The three-dimensional problem of elastic-plastic deformation and buckling of the hemispherical shells under contact with the rigid bodies is considered. Current Lagrangian formulation is applied to describethe shell deformation. The equation of motion is derived from thebalance of possible work powers. The ratios of the flow theory with isotropic hardening are used as the equations of state. Contact interaction of a rigid body and shell is modeled based on non-penetration conditions. We use a 8-node isoparametric finite element with multilinear form functions for a digitization of the constitutive system of equations. The solution of the problem under given boundary and initial conditions is based on the moment scheme of finite element method and an explicit cross type finite-difference scheme of time integration. Calculations of elastic-plastic deformation and buckling of hemispherical steel shell, located on the stationary plate at quasi-static indentation by nondeformable indenter, are done. Indenter has a form of a cylindrical shell with longitudinal notches in the contact area. Number of notches is varied in the calculations. A numerical study of the influence of the indenter form on the level of plastic deformation and the value of the critical load is carried out.
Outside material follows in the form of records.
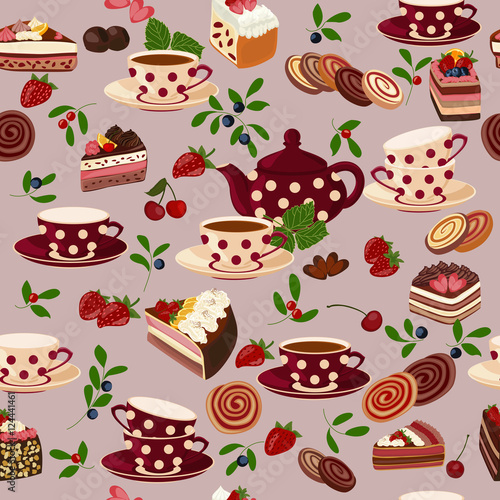 Seamless pattern with teapots, cups, sweets and berries.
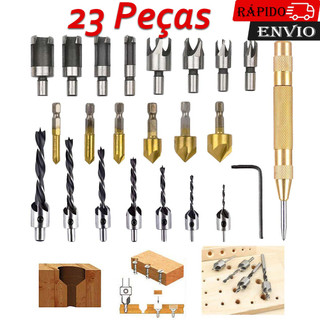 Kit 23 peças Brocas Fresa Para Dobradiça Madeira de broca escareada Parafusos de marcenaria Broca de chanfro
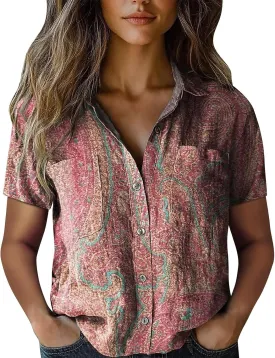 Vintage Boho Tops for Women Floral Print Gauze Shirt Casual Short Sleeve Button Up Blouses Ethnic Tshirts Tops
As shown by the results of calculations, significant local deformations of hemispherical shell in the contact area with the indenter in the process of loading are formed. It is characterized by large displacements and rotation angles of finite element as a rigid body. The reliability of the results of numerical solution of the problem is confirmed by a good agreement with the experimental data of other authors. It is shown that the application of moment scheme of finite element method to determine the rate of strain and stress in the local basis is justified at low shear deformations and large angles of rotation torque by using explicit cross type finite-difference scheme of time integration with small time steps.